Bij tafeltennis moet een hol balletje (dat een doorsnede heeft van ongeveer 3,75 cm en zo’n 2,5 g weegt) met behulp van een met rubber bekleed slagplankje (het batje) een net (hoogte 15,25 cm) geslagen worden, dat over het midden van een tafel is gespannen. Zo’n tafeltennistafel is 76 cm hoog, heeft een groen, houten blad van 152,5 X 274 cm en heeft in de lengterichting een middellijn.
Het spel wordt begonnen met de opslag (de service), het balletje met de hand wordt opgeworpen en op de eigen speelhelft wordt geslagen. Dan moet de bal op de helft van de tegenstander stuiten, waarna deze hem kan terugslaan. De bal moet altijd eerst een keer op de eigen helft stuiten, voordat hij mag worden geretourneerd.
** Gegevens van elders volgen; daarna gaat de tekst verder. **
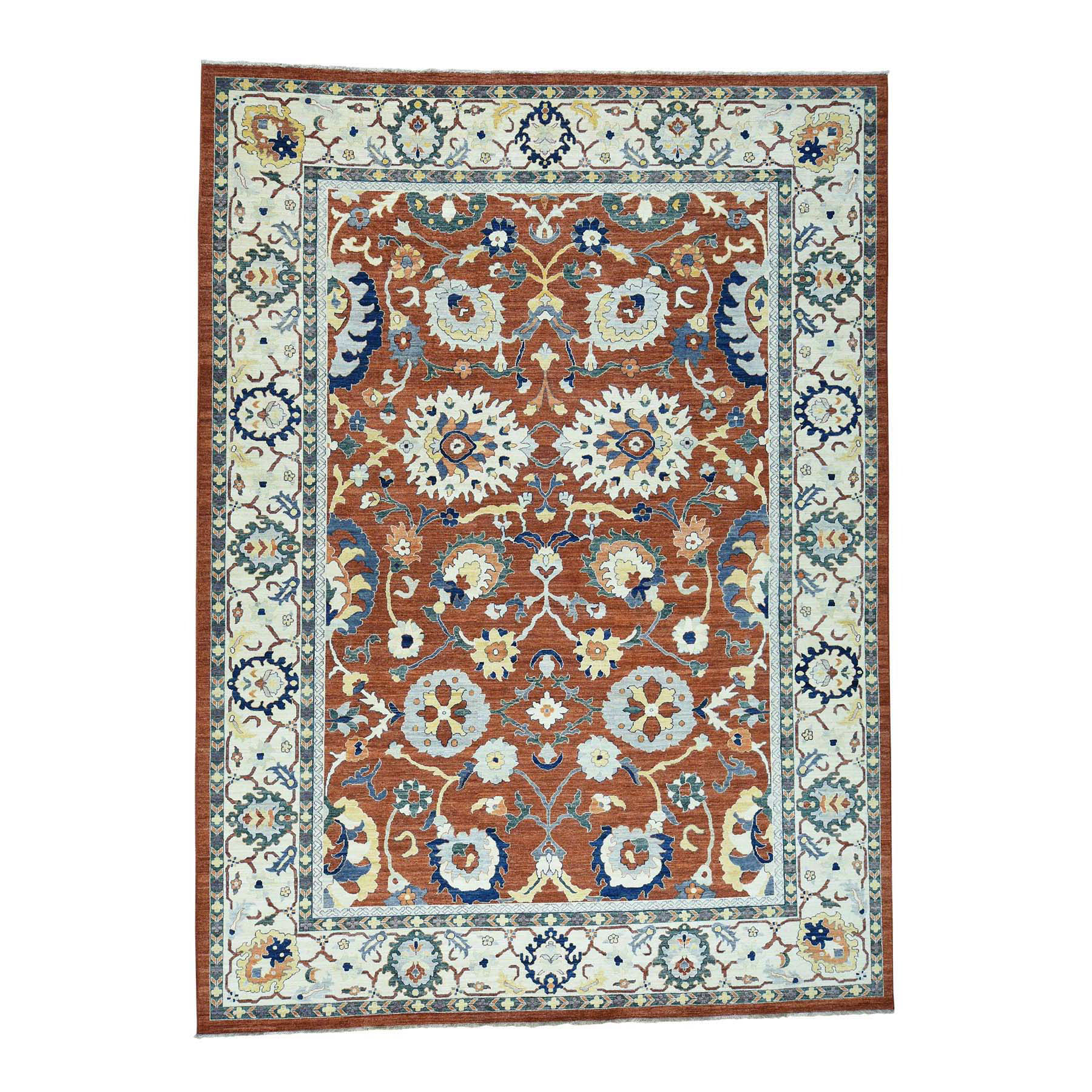 10-x14- Hand-Knotted Pure Wool Peshawar Sultanabad Design Oriental Rug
Tijdens een slagenwisseling mag de bal het net raken, bij een service echter niet.
Een wedstrijd wordt gespeeld om ‘the best of 3 games’ of om ‘the best of 5 games’. Voor het winnen van een game moeten 21 punten worden gescoord; het verschil met de tegenstander moet evenwel minimaal 2 punten bedragen. Een punt wordt behaald wanneer de tegenstander verkeerd serveert of de bal foutief of helemaal niet retourneert.